Aim of the exercise
For the material below, return exactly the lines starting at the one holding "ColorMatic RAL7035 Açık" and ending at the one holding "Fendi 2012з", counting both as part of the range.

Given information
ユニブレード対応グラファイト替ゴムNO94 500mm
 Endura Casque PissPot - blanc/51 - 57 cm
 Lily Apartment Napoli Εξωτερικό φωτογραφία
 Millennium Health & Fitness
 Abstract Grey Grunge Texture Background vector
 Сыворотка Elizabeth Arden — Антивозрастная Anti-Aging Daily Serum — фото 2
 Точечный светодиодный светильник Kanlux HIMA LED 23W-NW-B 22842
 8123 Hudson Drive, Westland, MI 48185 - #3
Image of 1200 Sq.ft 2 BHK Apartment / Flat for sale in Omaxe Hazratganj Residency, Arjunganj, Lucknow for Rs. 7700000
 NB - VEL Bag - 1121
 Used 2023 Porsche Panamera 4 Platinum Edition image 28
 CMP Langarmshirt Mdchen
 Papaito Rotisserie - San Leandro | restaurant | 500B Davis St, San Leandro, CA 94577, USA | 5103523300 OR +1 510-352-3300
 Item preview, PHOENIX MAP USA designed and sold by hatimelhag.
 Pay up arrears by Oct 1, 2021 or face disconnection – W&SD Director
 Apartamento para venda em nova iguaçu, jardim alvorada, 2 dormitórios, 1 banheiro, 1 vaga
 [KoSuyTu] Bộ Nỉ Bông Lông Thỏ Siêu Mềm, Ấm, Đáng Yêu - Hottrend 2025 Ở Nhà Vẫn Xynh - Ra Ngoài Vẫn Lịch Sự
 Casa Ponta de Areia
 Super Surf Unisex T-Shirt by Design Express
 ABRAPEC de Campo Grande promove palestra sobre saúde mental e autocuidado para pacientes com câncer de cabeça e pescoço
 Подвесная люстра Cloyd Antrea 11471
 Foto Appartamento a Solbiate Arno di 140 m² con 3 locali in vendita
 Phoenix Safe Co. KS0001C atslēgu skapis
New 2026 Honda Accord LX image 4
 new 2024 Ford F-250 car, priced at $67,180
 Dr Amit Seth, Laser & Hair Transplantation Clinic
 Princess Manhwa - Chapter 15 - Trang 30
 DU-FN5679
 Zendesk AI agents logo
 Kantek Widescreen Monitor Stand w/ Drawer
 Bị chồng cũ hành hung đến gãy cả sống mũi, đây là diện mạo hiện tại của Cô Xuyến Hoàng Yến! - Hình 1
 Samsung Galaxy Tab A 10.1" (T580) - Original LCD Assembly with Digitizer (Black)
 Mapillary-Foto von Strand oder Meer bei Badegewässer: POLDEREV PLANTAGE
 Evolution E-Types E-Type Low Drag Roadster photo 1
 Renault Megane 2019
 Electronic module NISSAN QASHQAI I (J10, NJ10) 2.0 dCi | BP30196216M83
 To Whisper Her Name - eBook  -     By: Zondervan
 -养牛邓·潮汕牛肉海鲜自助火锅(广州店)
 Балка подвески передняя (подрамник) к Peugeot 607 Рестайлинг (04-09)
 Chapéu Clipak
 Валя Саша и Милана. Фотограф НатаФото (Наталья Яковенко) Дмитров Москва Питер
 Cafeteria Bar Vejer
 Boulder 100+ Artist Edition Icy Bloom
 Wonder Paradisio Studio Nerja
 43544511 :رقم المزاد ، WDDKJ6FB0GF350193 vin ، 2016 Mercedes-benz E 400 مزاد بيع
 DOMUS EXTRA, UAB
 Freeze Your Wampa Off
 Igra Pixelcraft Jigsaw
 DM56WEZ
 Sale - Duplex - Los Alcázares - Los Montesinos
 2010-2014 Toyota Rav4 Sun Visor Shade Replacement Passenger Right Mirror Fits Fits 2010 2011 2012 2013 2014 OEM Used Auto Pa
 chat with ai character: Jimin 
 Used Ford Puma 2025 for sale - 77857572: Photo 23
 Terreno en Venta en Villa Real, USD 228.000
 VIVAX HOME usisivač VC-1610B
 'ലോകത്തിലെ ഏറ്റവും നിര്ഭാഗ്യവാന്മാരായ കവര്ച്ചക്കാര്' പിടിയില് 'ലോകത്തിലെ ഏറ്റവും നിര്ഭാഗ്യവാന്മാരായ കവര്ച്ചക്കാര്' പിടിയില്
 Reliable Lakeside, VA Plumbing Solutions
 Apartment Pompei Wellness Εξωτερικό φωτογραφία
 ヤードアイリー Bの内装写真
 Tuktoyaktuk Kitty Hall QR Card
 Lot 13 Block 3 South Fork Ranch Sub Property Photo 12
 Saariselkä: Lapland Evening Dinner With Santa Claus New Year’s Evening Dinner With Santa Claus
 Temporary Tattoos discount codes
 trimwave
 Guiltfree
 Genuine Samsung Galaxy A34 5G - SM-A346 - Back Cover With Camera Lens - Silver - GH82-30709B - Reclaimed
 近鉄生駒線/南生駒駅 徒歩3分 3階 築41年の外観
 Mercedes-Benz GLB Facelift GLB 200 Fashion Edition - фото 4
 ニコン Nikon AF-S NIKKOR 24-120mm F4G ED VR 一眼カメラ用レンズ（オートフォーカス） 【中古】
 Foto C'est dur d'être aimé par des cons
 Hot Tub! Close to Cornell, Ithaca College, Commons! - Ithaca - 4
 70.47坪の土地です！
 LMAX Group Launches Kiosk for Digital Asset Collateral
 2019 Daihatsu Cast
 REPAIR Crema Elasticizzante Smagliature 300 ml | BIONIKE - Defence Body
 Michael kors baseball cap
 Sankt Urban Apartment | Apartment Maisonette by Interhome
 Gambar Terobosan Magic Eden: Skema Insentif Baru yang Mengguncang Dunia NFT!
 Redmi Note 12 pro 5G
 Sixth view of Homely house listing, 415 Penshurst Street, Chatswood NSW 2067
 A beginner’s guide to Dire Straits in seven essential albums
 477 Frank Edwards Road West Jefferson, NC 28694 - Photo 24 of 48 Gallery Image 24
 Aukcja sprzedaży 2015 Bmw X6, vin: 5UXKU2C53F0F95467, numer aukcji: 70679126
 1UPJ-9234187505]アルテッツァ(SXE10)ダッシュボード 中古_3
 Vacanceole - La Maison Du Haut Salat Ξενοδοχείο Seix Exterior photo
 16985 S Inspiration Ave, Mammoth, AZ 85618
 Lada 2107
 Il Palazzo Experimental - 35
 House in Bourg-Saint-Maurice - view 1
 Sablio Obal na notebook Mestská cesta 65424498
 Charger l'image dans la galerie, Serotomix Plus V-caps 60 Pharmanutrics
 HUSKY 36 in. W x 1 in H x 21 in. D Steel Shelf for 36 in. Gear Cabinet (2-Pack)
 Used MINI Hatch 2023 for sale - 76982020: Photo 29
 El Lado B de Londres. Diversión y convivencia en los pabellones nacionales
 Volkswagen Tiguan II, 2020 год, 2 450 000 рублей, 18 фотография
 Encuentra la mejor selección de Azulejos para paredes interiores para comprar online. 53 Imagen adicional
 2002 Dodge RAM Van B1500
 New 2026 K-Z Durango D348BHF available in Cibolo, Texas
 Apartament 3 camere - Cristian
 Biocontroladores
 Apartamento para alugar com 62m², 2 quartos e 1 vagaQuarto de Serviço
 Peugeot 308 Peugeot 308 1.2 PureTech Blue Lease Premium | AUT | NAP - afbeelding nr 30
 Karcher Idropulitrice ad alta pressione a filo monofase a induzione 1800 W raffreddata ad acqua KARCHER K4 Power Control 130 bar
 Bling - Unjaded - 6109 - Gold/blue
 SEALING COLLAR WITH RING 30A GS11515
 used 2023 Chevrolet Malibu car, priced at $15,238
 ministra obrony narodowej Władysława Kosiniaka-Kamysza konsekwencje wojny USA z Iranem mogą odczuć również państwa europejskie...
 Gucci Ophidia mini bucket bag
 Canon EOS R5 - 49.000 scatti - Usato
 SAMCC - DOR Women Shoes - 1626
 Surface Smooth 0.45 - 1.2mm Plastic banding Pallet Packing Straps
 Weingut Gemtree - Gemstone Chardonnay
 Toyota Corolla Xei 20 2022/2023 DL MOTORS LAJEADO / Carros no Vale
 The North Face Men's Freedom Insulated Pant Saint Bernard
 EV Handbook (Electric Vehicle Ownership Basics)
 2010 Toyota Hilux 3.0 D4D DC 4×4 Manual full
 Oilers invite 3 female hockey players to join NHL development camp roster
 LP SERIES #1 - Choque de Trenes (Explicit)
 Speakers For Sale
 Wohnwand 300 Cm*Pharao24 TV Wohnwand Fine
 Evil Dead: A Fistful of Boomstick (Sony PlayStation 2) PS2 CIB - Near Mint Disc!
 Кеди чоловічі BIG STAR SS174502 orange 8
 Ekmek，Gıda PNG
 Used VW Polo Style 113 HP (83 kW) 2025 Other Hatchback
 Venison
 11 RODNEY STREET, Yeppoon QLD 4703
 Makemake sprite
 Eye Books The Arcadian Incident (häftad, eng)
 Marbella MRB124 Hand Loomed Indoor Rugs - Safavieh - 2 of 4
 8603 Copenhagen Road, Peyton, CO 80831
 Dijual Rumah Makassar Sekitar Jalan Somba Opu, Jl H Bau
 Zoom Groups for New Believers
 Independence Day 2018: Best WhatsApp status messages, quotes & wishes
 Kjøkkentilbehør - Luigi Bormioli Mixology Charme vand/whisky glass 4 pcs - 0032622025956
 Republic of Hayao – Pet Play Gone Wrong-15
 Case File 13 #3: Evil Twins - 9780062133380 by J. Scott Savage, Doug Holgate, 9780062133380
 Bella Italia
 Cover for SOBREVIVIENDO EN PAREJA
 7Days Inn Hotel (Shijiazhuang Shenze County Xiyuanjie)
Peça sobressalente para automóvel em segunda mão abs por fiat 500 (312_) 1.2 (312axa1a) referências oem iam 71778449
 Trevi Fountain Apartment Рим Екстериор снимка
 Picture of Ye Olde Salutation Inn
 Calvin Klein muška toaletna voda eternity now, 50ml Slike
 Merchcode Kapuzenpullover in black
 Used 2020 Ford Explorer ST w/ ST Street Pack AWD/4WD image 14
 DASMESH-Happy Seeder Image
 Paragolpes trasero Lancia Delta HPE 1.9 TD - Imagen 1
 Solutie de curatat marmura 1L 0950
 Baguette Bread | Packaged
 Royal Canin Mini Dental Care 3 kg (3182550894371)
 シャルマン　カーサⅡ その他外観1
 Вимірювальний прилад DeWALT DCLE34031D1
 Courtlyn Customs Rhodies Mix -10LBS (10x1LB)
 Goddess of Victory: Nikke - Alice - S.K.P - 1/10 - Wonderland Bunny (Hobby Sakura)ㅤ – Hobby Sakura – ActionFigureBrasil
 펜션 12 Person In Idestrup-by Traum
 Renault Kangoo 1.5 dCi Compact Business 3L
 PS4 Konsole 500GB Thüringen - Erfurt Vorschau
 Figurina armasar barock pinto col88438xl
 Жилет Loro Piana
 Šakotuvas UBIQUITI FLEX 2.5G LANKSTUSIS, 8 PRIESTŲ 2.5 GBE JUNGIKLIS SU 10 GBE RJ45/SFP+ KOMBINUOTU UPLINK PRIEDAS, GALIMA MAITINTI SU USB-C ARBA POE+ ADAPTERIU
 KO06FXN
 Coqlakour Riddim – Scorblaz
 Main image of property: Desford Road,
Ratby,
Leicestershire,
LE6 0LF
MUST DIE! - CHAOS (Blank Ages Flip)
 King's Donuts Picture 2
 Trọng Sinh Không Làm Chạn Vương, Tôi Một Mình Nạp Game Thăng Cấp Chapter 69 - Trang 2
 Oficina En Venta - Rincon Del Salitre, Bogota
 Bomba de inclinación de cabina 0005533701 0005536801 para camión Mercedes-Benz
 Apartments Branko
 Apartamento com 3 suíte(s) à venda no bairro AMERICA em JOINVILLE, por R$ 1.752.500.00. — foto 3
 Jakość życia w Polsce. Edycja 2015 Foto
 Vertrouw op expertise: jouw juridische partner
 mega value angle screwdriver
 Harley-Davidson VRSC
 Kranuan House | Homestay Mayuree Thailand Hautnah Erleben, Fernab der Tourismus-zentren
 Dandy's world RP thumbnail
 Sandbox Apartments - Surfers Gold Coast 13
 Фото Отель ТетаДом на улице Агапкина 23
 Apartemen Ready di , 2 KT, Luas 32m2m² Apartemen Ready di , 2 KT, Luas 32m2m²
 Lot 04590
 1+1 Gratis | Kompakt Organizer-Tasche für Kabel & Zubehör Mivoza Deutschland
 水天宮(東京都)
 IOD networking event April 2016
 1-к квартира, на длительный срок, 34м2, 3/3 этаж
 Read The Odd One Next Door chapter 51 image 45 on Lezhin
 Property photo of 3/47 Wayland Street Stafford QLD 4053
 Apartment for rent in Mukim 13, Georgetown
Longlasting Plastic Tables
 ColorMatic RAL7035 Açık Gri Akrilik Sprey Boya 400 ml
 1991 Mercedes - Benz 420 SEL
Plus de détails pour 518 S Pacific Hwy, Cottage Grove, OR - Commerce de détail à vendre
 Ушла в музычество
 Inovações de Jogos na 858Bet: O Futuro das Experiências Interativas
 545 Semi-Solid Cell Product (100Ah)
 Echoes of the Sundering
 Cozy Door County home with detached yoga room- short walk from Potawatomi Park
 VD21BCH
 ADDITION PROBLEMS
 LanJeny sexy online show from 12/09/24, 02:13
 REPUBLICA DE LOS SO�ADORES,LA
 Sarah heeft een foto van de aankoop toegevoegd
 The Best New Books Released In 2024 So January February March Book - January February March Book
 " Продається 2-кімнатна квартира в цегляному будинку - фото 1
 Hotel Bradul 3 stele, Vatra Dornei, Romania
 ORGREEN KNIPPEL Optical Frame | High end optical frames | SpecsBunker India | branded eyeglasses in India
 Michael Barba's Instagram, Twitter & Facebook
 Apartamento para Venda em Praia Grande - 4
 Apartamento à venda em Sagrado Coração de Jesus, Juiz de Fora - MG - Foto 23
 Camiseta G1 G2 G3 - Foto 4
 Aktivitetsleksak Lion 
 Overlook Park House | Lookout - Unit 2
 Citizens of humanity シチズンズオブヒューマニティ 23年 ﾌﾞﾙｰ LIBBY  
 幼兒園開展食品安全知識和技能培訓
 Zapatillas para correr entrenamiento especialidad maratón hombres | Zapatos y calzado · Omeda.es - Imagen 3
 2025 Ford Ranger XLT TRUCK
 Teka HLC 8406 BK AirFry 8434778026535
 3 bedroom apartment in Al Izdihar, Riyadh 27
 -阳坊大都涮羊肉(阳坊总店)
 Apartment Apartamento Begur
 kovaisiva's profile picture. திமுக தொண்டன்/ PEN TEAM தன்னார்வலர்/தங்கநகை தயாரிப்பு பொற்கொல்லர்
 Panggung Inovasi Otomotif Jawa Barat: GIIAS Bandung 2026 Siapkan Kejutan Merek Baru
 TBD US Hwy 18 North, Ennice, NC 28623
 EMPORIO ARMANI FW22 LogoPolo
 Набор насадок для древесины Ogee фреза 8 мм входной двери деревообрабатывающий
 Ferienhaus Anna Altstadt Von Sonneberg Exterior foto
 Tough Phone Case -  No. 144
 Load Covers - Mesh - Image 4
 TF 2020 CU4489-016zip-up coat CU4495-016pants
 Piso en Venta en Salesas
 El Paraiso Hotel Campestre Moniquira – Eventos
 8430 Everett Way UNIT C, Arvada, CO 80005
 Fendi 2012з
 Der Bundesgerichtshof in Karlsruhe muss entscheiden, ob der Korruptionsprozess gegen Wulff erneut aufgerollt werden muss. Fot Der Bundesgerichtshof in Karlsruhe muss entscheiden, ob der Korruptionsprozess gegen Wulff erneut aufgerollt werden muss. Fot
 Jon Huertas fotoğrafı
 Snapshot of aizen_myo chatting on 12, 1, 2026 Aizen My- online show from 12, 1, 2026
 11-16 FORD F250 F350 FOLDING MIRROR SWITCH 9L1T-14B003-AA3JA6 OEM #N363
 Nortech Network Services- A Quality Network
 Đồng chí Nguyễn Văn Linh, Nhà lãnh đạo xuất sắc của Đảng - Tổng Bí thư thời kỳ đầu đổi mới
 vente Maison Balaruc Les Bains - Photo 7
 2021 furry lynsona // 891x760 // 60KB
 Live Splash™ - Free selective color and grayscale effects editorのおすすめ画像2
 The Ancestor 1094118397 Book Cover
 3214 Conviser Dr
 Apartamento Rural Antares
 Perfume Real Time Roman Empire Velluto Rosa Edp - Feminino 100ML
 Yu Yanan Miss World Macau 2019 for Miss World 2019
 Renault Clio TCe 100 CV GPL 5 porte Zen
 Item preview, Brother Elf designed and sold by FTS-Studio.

Task solution
 ColorMatic RAL7035 Açık Gri Akrilik Sprey Boya 400 ml
 1991 Mercedes - Benz 420 SEL
Plus de détails pour 518 S Pacific Hwy, Cottage Grove, OR - Commerce de détail à vendre
 Ушла в музычество
 Inovações de Jogos na 858Bet: O Futuro das Experiências Interativas
 545 Semi-Solid Cell Product (100Ah)
 Echoes of the Sundering
 Cozy Door County home with detached yoga room- short walk from Potawatomi Park
 VD21BCH
 ADDITION PROBLEMS
 LanJeny sexy online show from 12/09/24, 02:13
 REPUBLICA DE LOS SO�ADORES,LA
 Sarah heeft een foto van de aankoop toegevoegd
 The Best New Books Released In 2024 So January February March Book - January February March Book
 " Продається 2-кімнатна квартира в цегляному будинку - фото 1
 Hotel Bradul 3 stele, Vatra Dornei, Romania
 ORGREEN KNIPPEL Optical Frame | High end optical frames | SpecsBunker India | branded eyeglasses in India
 Michael Barba's Instagram, Twitter & Facebook
 Apartamento para Venda em Praia Grande - 4
 Apartamento à venda em Sagrado Coração de Jesus, Juiz de Fora - MG - Foto 23
 Camiseta G1 G2 G3 - Foto 4
 Aktivitetsleksak Lion 
 Overlook Park House | Lookout - Unit 2
 Citizens of humanity シチズンズオブヒューマニティ 23年 ﾌﾞﾙｰ LIBBY  
 幼兒園開展食品安全知識和技能培訓
 Zapatillas para correr entrenamiento especialidad maratón hombres | Zapatos y calzado · Omeda.es - Imagen 3
 2025 Ford Ranger XLT TRUCK
 Teka HLC 8406 BK AirFry 8434778026535
 3 bedroom apartment in Al Izdihar, Riyadh 27
 -阳坊大都涮羊肉(阳坊总店)
 Apartment Apartamento Begur
 kovaisiva's profile picture. திமுக தொண்டன்/ PEN TEAM தன்னார்வலர்/தங்கநகை தயாரிப்பு பொற்கொல்லர்
 Panggung Inovasi Otomotif Jawa Barat: GIIAS Bandung 2026 Siapkan Kejutan Merek Baru
 TBD US Hwy 18 North, Ennice, NC 28623
 EMPORIO ARMANI FW22 LogoPolo
 Набор насадок для древесины Ogee фреза 8 мм входной двери деревообрабатывающий
 Ferienhaus Anna Altstadt Von Sonneberg Exterior foto
 Tough Phone Case -  No. 144
 Load Covers - Mesh - Image 4
 TF 2020 CU4489-016zip-up coat CU4495-016pants
 Piso en Venta en Salesas
 El Paraiso Hotel Campestre Moniquira – Eventos
 8430 Everett Way UNIT C, Arvada, CO 80005
 Fendi 2012з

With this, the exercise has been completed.